**Your objective**
Return only that part of the material below which starts with the line containing "Lexus ES 250" and goes on through the line containing "Cast Iron Footed", restated exactly.

**Given data**
*** Begin section ***
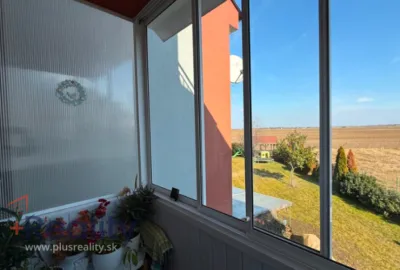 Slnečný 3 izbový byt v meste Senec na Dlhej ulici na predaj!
*** End section ***
*** Begin section ***
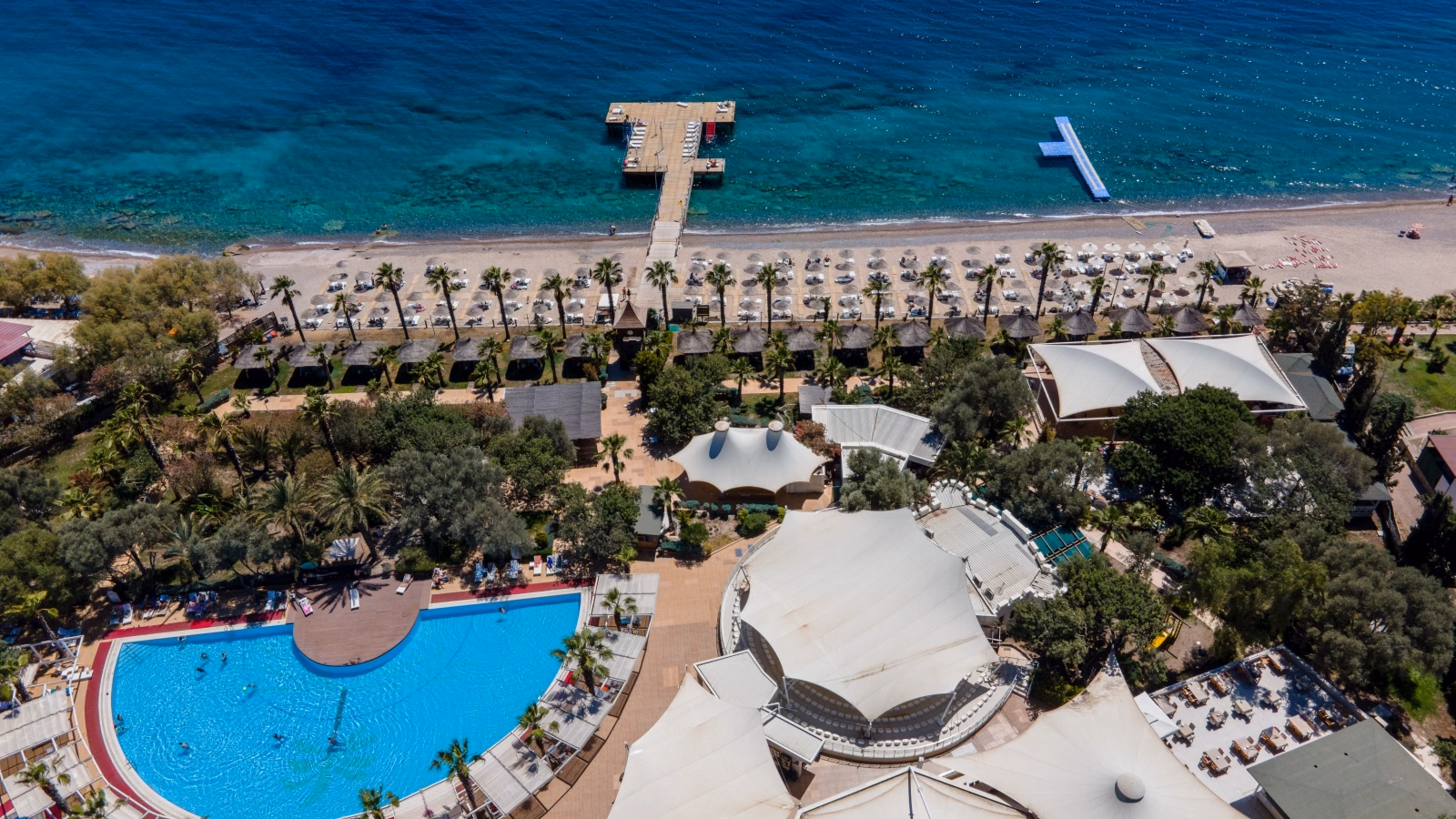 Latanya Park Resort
*** End section ***
*** Begin section ***
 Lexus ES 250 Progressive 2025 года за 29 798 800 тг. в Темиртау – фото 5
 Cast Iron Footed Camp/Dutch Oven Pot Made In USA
*** End section ***
**Result below**
 Lexus ES 250 Progressive 2025 года за 29 798 800 тг. в Темиртау – фото 5
 Cast Iron Footed Camp/Dutch Oven Pot Made In USA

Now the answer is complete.